Summerville approves new surveillance system for downtown
SUMMERVILLE, S.C. (WCSC) - Smile, you’re on camera. The Summerville Town Council has approved a plan to install 12 security cameras in the downtown area to help prevent crime before it happens.
The cameras will cover the downtown area around Hutchinson Square as well as the business districts. The cameras are simply the latest tool the Summerville Police Department have requested in recent months to promote safety.
“We have a newly developed hospitality team (Team 6) our agency just stood up to focus on the Town’s business districts, parks and walking trails,” said Lieutenant Chris Hirsch with SPD. “The five-member team conducts property checks, meets with merchants to help create security plans, and advises them of trending crimes for awareness.”

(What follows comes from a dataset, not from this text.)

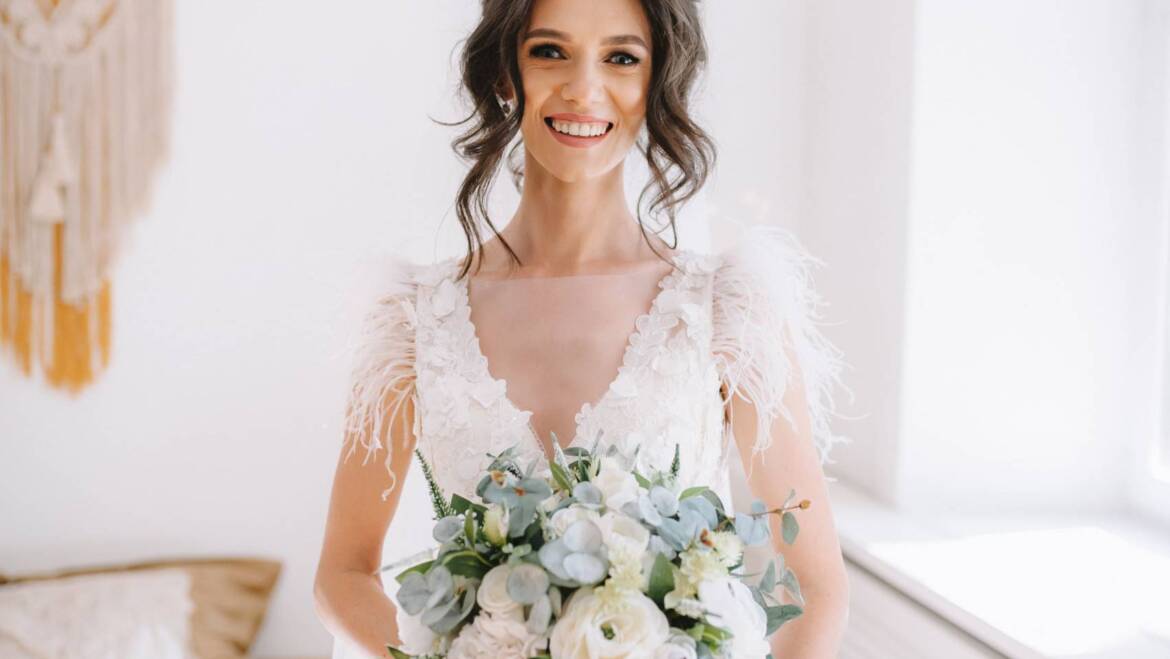 Everlasting white and deep green silk flowers wedding bouquet.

The town currently already utilizes a limited number of cameras around Town Hall and the parking garage outside. Hirsch says all of the cameras will send a live feeds directly to the police dispatch center where they will be recorded and used to help solve crimes.
Police Chief Douglas Wright says they’ve seen an increase in crime from last year, but suggests it’s an expected bump since last year’s covid restrictions made gatherings and tourism less common.
“You are having more traffic collisions. You’re having more people out and about. Obliviously, your crime is going to go back up,” Wright said. “In the business district, you’re seeing more shop lifting, vandalism, drunkenness. Things like that. Having our officers in the area is obviously a visible deterrent, as well as having the cameras to capture some of that surveillance footage to help us bring justice to some of those situations.”
Wright says the extra officers and surveillance cameras are much more geared toward preparing for Summerville’s future, as more and more people move to the area, than addressing a current crime wave.
“Not just for crime, but they can help monitor traffic flow live from our dispatch center. We are planning for the future and cutting-edge technology is a part of that,” Wright said. “This is a first step in what I hope will be a future endeavor for our agency to have cameras a long our walking trails and some of our parks, so people know they have a watchful eye to protect them.”
Wright dismisses any nefarious notions about the surveillance system.
“Everywhere you go right now you are being captured on video whether it’s surveillance footage, DOT cameras or other people’s cameras. You’re on camera everywhere and most of the time you don’t know it at all. We are making it known that we are going to be videoing in areas, public areas, to help keep people safe.”
On Monday, the council unanimously approved the purchase order with Johnson Controls for the installation of the cameras for $54,524.71. Wright says they should be up and running before the end of the year.